Si firent tant le dit messire Gautier et ses compagnons, que les fossés furent emplis de l’un des côtés d’estrain et de bois, parquoi ils vinrent jusques aux murs et piquèrent tant de grands mails et pics de fer et de marteaux, que le mur fut troué une toise de large : si entrèrent les dits Anglois et Bretons dedans ce châtel par force, et tuèrent tous ceux qu’ils y trouvèrent, et se logèrent là endroit. Lendemain ils se mirent à chemin et allèrent par telle manière qu’ils vinrent à Hainebon. Et d’autre part Girart de Maulain qui étoit à Dignant venu quérir le secours, et qui l’emmenoit devers Faouet exploita tant, avec ceux qu’il emmenoit, qu’ils vinrent à Faouet, et trouvèrent que les Anglois et les Bretons s’en étoient partis. Si issit Régnier de Maulain contre eux et les reçut liement, puis après dîner s’en retournèrent à Dignant.


CHAPITRE CLXXXV.


Comment la comtesse de Montfort reçut liement messire Gautier de Mauny et ses compagnons ; et comment la ville de Craais se rendit à messire Charles de Blois.


Quand la comtesse de Montfort sçut les nouvelles de la revenue des dessus dits Anglois et Bretons, elle en fut grandement réjouie ; si alla contre eux et les fêta liement et baisa et accola chacun de grand cœur ; et avoit fait appareiller au châtel pour mieux eux fêter, et donna à dîner moult noblement à tous les chevaliers et écuyers de renom, et leur demanda moult intentivement de leurs aventures, combien qu’elle en sçût jà grand’partie. Chacun lui conta ce qu’il en savoit, et des biens faisans ce que chacun en avoit vu. Là endroit furent ramentues maintes prouesses et plusieurs travaux, maint grand fait d’armes et périlleux, et maintes hardies entreprises faites par ceux qui là furent ; ce peut et doit savoir chacun qui a été souvent en armes, et les doit-on tenir et réputer pour preux : mais sur tous emportoit la huée et le chapelet[1] messire Gautier de Mauny.

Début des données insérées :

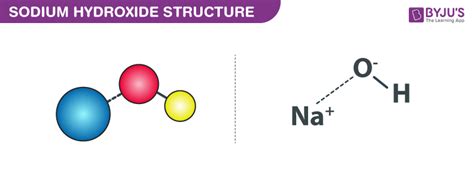 Sodium Hydroxide - Properties, Structure of Sodium Hydroxide, Reactions ...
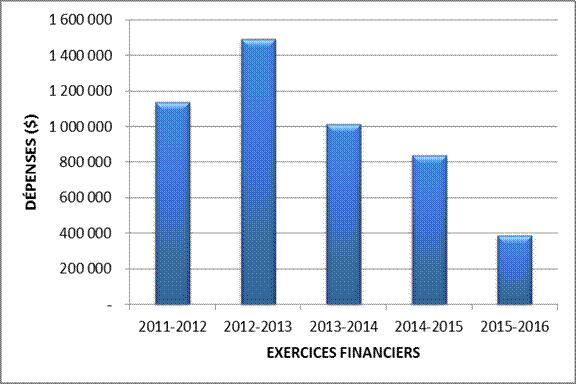 TABLEAU 5 – COMPARAISON DES DÉPENSES DE TOUS LES COMITÉS AU COURS DES CINQ DERNIERS EXERCICES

À ce point que ces seigneurs anglois et bretons furent revenus à Hainebon, messire Charles de Blois avoit conquis la bonne cité de Vennes, et avoit asiégé la ville que on appelle Craais. La comtesse de Montfort et messire Gautier de Mauny envoyèrent tantôt grands messages au roi Édouard pour lui signifier comment messire Charles de Blois et les autres seigneurs de France et leurs aidans avoient reconquis les cités de Rennes, Vennes et les autres bonnes villes et châteaux de Bretagne ; et qu’ils conquerroient tout le remenant, s’il ne les venoit secourir brièvement. Ces messages se partirent de Hainebon et s’en allèrent en Angleterre tant qu’ils purent, et arrivèrent en Cornuaille, et enquirent et demandèrent là du roi où ils le trouveroient. Si leur fut dit qu’il étoit à Windesore. Si chevauchèrent celle part à grand exploit.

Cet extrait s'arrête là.